Things even out.  We may someday see a South Carolina vs. Ole Miss SEC championship game.  Who would have thought that was possible?  The future is never just a straight line interpolation of the past.

   

 

wustl wolverine

April 22nd, 2013 at 11:47 PM ^

While there are always major fluctuations in team strength over time, there are a number of teams that have been consistently better. The SEC has a number of those teams in each division so it is not a problem for them.

The big problem with the Big 12 north was that you had so many teams together that did not have a history of success. While it was likely that they would have decent runs (like Colorado and Kansas State in the late 90's and early 2000's) the division is going to lack depth. 

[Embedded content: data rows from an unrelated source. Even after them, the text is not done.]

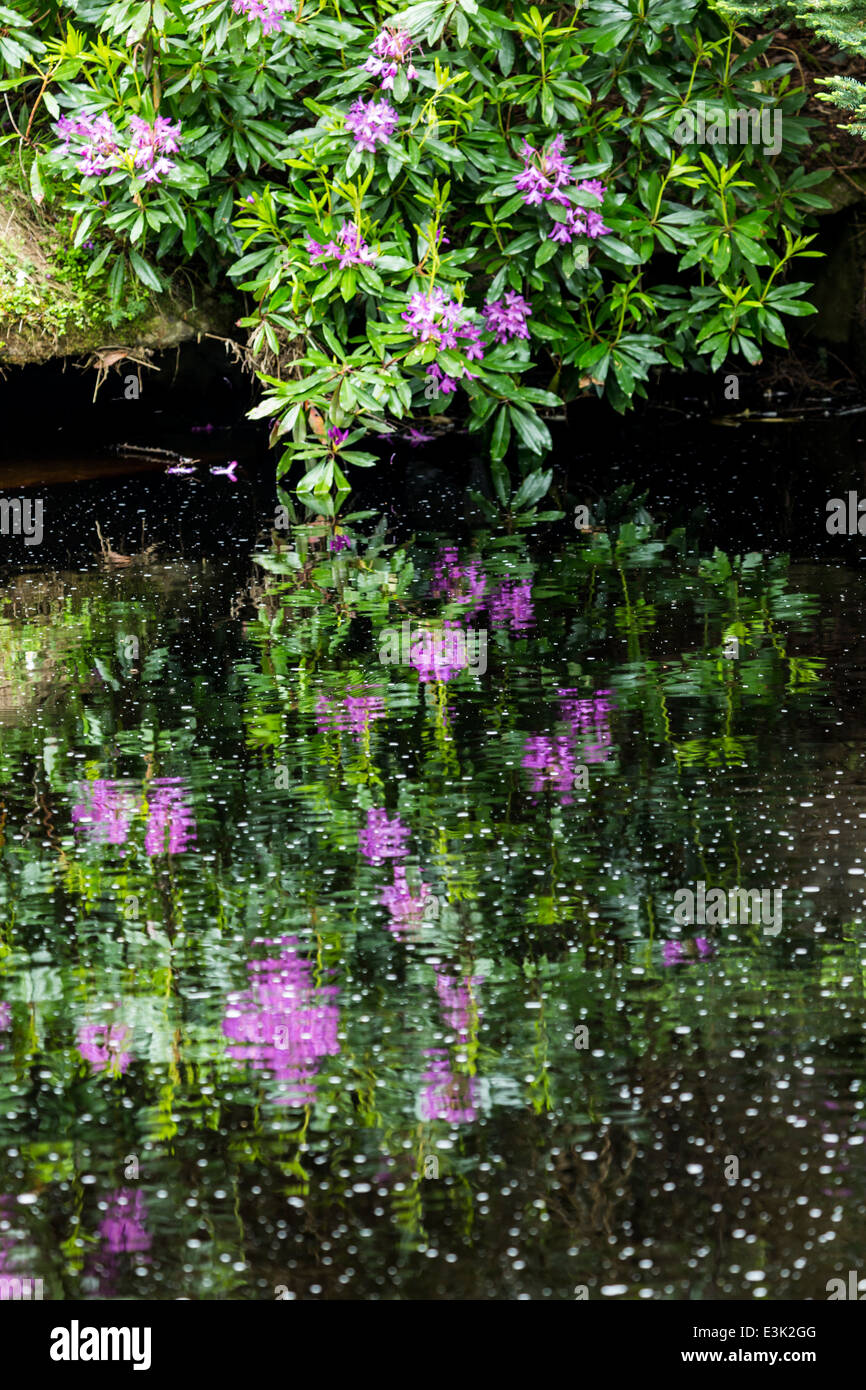 Rhododendron-Blüten spiegelt sich in einem Teich, Ballypatrick Forest County Antrim Northern Ireland Stockfoto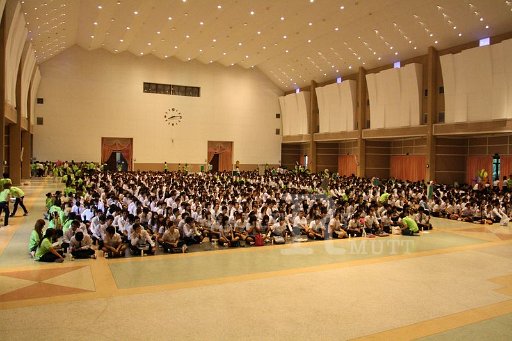 MCT041 Copy.JPG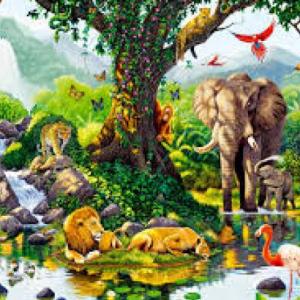 La reproducción y el desarrollo en los animales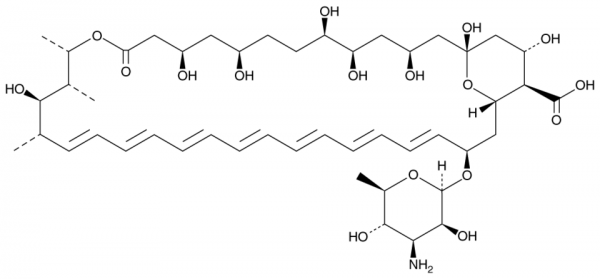 Amphotericin B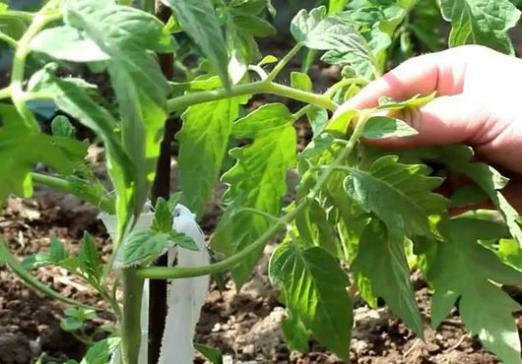 Grow tomaatit kasvihuoneessa vuoden, jos ne oikein poimia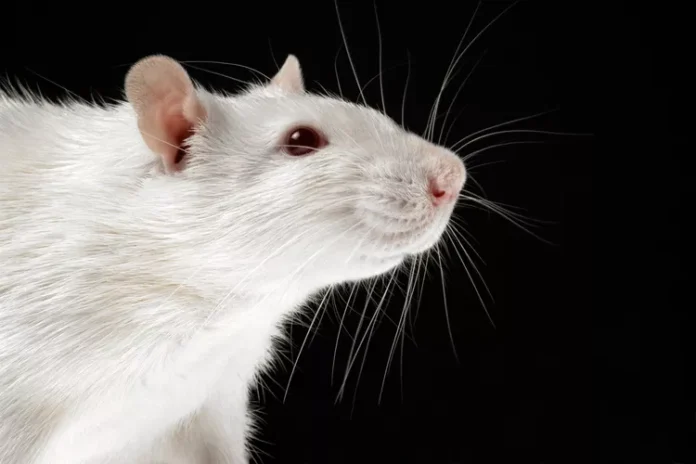 Rats Feast on Marijuana in Houston Police Evidence Room Amid Years-Long Backlog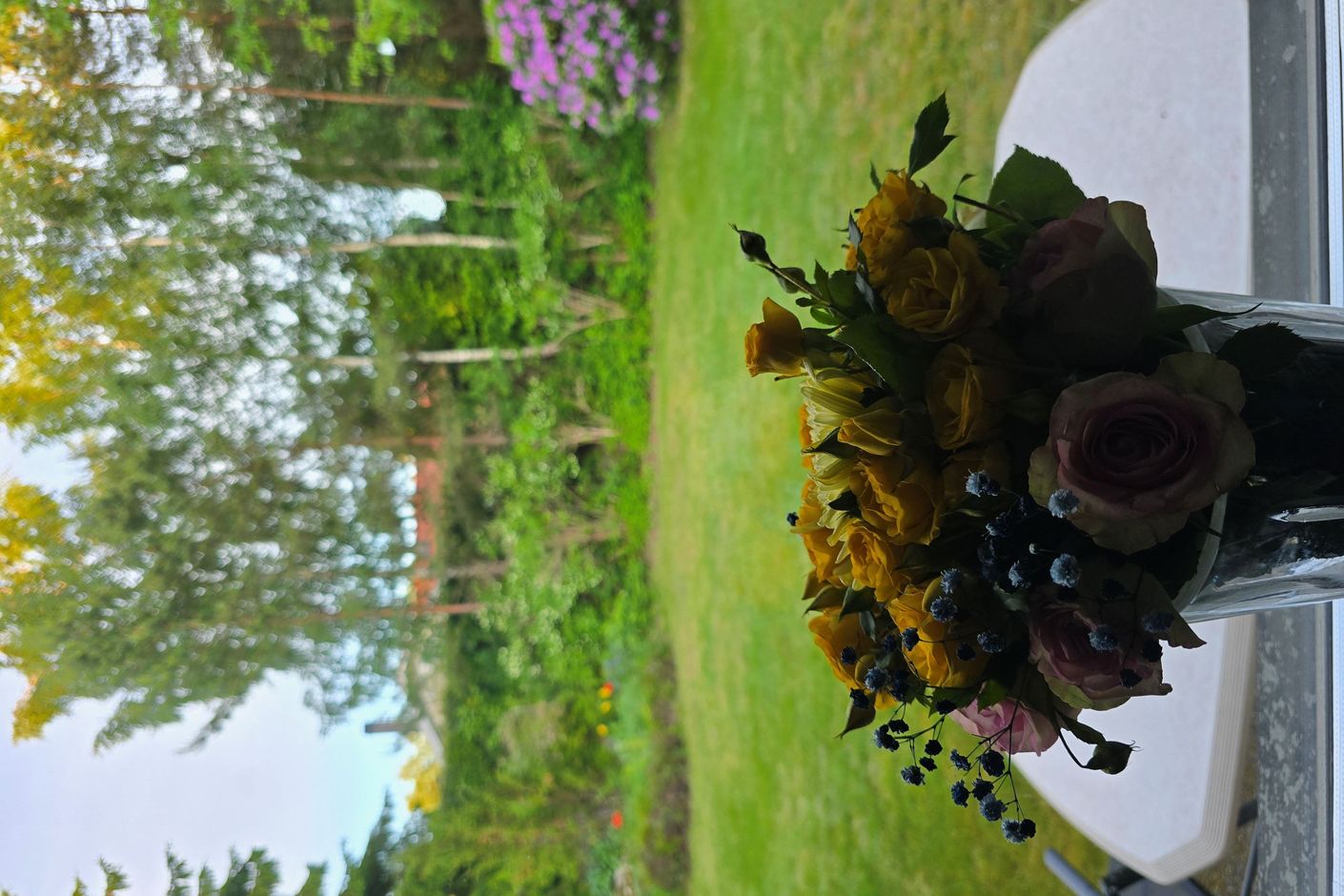 Säljarens egna bild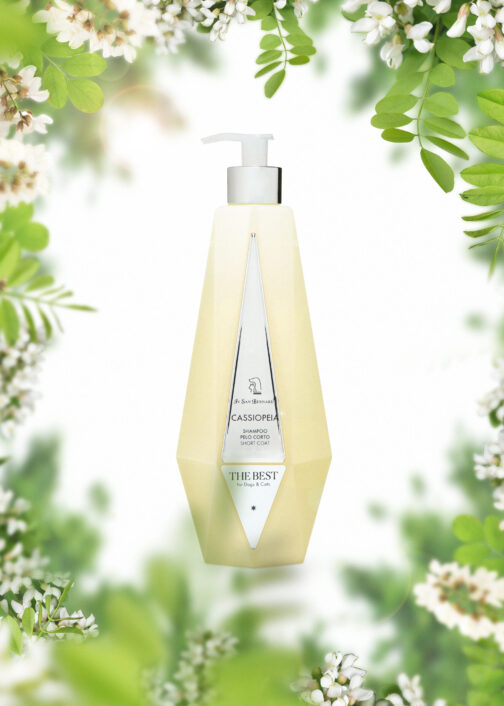 Șampon pentru blană scurtă CASSIOPEIA cu extract de gumă de salcâm 550 ml - imagine 3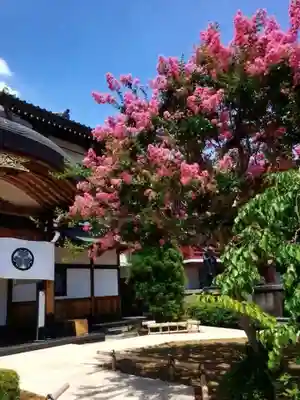 放生寺(東京都)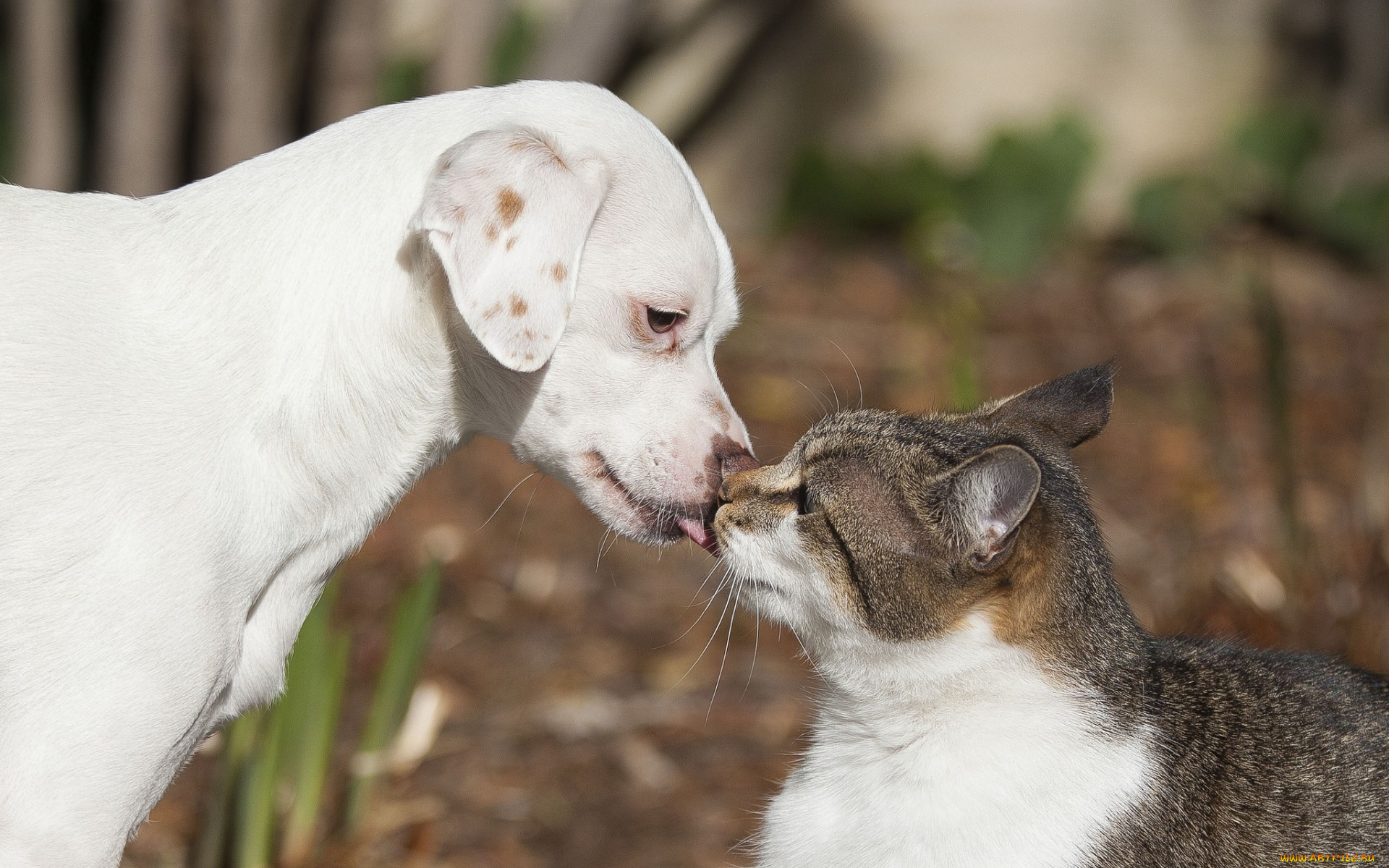 животные, разные, вместе, любовь, друзья, поцелуй, кошка, кот, щенок, собака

In the final 7 years, the Big 12 North had 7 total top 4 conference finishes. 
 

Rank 2004 2005 2006 2007 2008 2009 2010
1 OU UT OU OU OU UT OU
2 UT TTU UT Mizz UT Neb OSU
3 TTU OU Neb KU TTU OSU Neb
4 TAMU CU TAMU UT OSU TTU Mizz
5 CU ISU Mizz TTU Mizz OU TAMU
6 ISU Neb TTU TAMU Neb Mizz BU
7 OSU Mizz KSU OSU KU KSU KSU


With the way OSU and Michigan have been recruiting, this allignment seems to have a lot of potential for a repeat of this kind of split. We need sustained success from several teams in the west for this to work. Otherwise the Big 10 West will definitely be a repeat of the Big 12 North.

BlueDragon

April 23rd, 2013 at 1:04 AM ^

The 2016 9-game schedule is essential to make the 14-team conference schedule anywhere near reasonable.

Michigan must be in Ohio's division, along with State. A Northwestern or Minnesota would be welcome always. This is future planning for further expansion which will inevitably happen.